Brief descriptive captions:
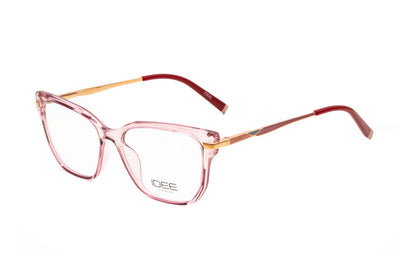 IDEE 2494 52 FRAME IDEE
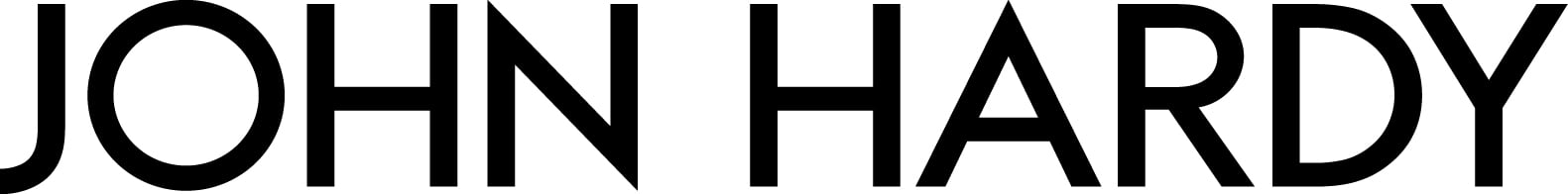 John Hardy logo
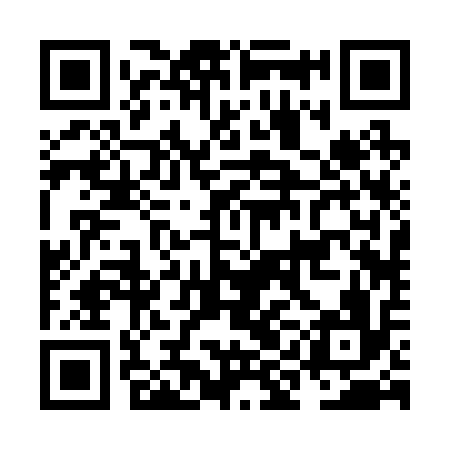 QR code for NIB216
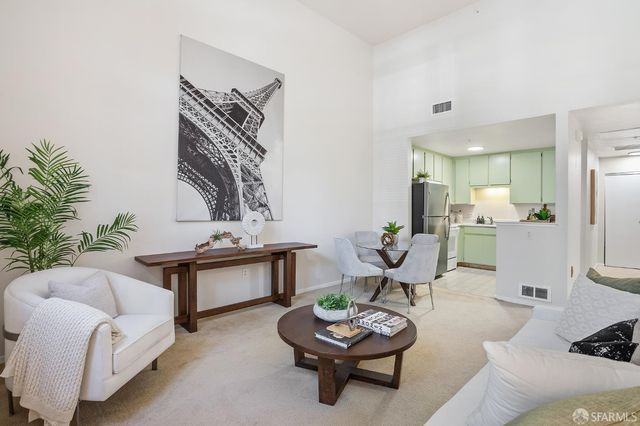 95 Mccoppin Street 103E, San Francisco, CA 94103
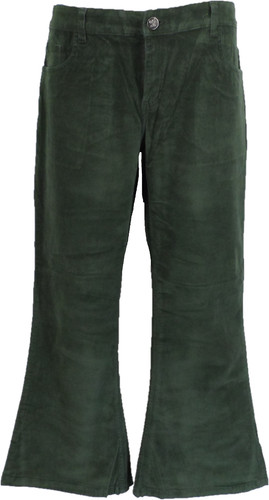 Run fly uomo vintage anni - anni, 60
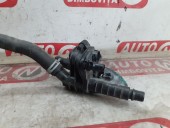 CARCASA (CORP) TERMOSTAT PEUGEOT 301 OEM: 9684588980.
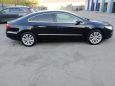  Volkswagen Passat CC 2011 , 615000 , 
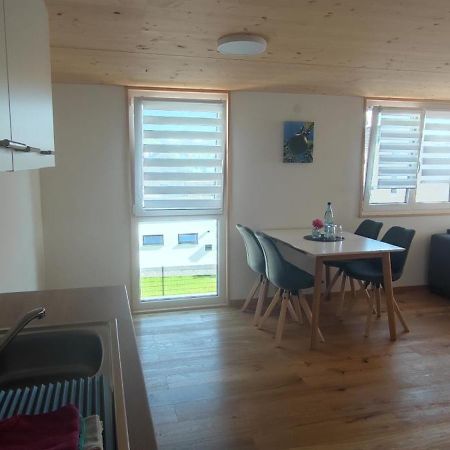 Ferienwohnung Alvino FDH Zimmer foto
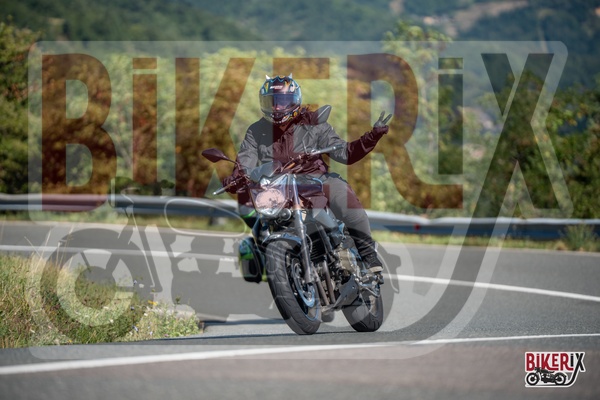 Passo della Futa E 31-08-25 h11-06 1004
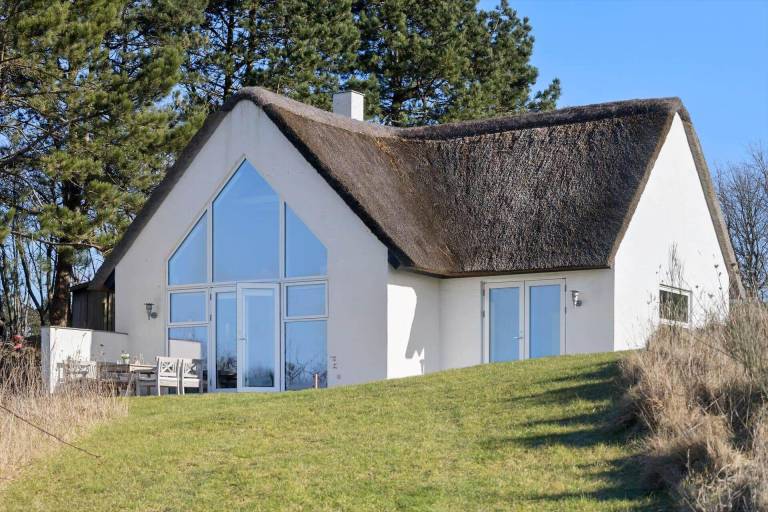 Casa Samsø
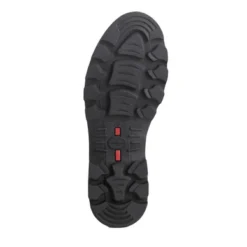 Bottes Le Chameau Vierzonord Marron Fonce Homme -Promos Le Chameau Magasin 5 1498 0101 5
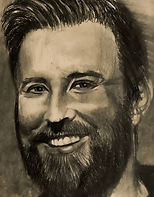 CHARLES KELLEY Lady A.JPG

__WHAT IS BEING ASKED__.
Every line above should be retyped exactly; the pictures do not belong in the copy.

__SOLUTION FOR THIS TASK__.
 IDEE 2494 52 FRAME IDEE
 John Hardy logo
 QR code for NIB216
 95 Mccoppin Street 103E, San Francisco, CA 94103
 Run fly uomo vintage anni - anni, 60
 CARCASA (CORP) TERMOSTAT PEUGEOT 301 OEM: 9684588980.
  Volkswagen Passat CC 2011 , 615000 , 
 Ferienwohnung Alvino FDH Zimmer foto
 Passo della Futa E 31-08-25 h11-06 1004
 Casa Samsø
 Bottes Le Chameau Vierzonord Marron Fonce Homme -Promos Le Chameau Magasin 5 1498 0101 5
 CHARLES KELLEY Lady A.JPG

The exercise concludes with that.